I Principi per la redazione dei piani di risanamento (l'attuale versione, essendo del maggio 2022, fa riferimento alla Legge Fallimentare, al D.L. 118/2021 ed al decreto dirigenziale del 28/09/2021, per cui ci si attende un aggiornamento) contengono una tavola sinottica che associa ai paragrafi dei Principi di redazione, "i cui contenuti sono da prendere come riferimento per lo sviluppo del Piano, i punti della lista di controllo particolareggiata prevista dal Decreto dirigenziale del 28 settembre 2021", precisando che per "tutto quanto non previsto dalla check-list in termini di contenuti e indicazioni operative necessarie alla redazione di un attendibile e coerente piano di risanamento deve essere fatto riferimento alle indicazioni contenute nel presente Principio".

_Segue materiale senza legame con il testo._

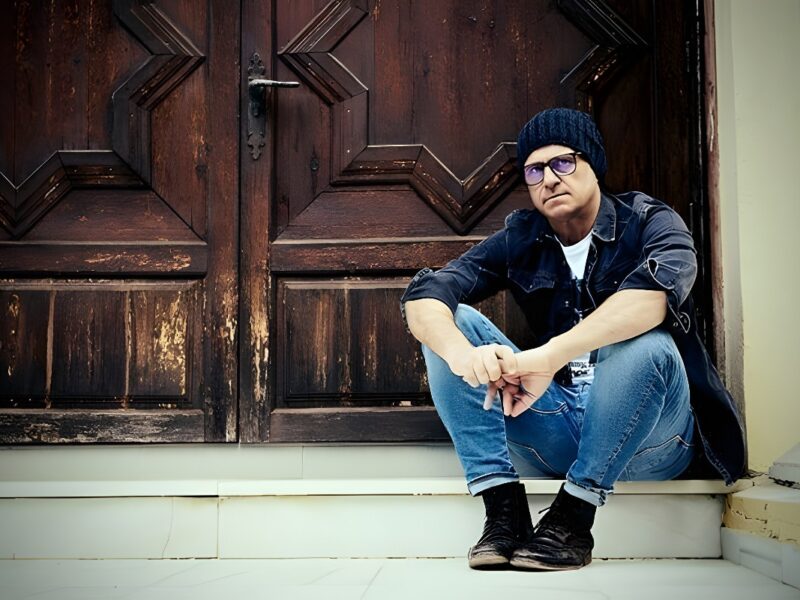 Amann & The Wayward Sons presenta el tráiler de «Feel it in my Bones”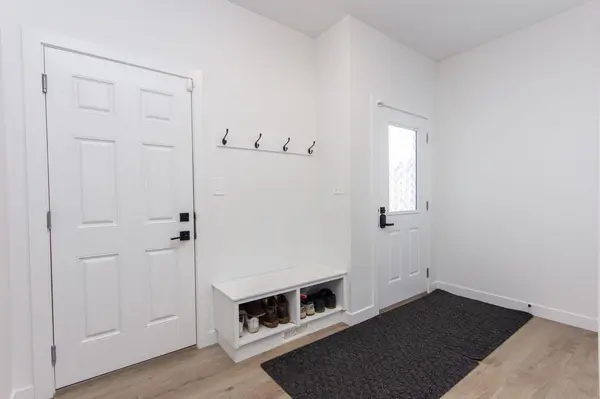 66 Henderson CRES, Penhold, AB T0M 1R0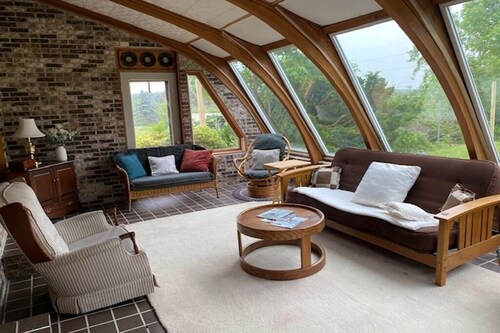 Charming 3-bedroom country house with AC, WiFi near Ski Sawmill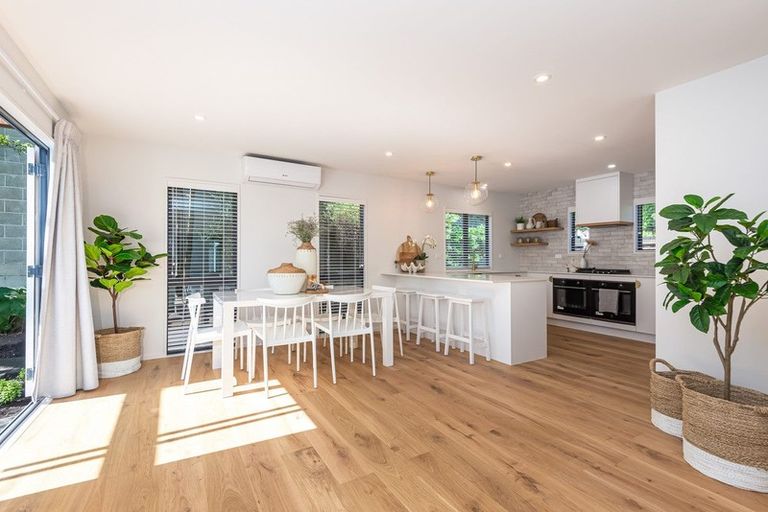 Photo of property in 88a Merivale Lane, Merivale, Christchurch, 8014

I Principi per la redazione dei piani di risanamento non si pongono dunque in contrasto con la check-list e ciò anche se questa riguarda la sola composizione negoziata, ma - in quanto applicabili a tutti gli strumenti - si pongono l'obiettivo dichiarato di completarla e svilupparla, considerato anche che la lista di controllo deve essere "adeguata anche alle esigenze delle micro, piccole e medie imprese". Il richiamo ai Principi di redazione (ed al CCII) contenuto nei Principi di attestazione in ordine alla verifiche sul Piano non implica, di conseguenza, l'esclusione della verifica del rispetto della check-list dai controlli che deve fare l'Attestatore e ciò poiché le valutazioni sul rispetto dei Principi di redazione sono, per quanto sopra esposto, di più ampia portata, andandole ad includere. Mi pare che la scienza aziendalistica sia andata, anche stavolta e per fortuna, oltre il dato normativo.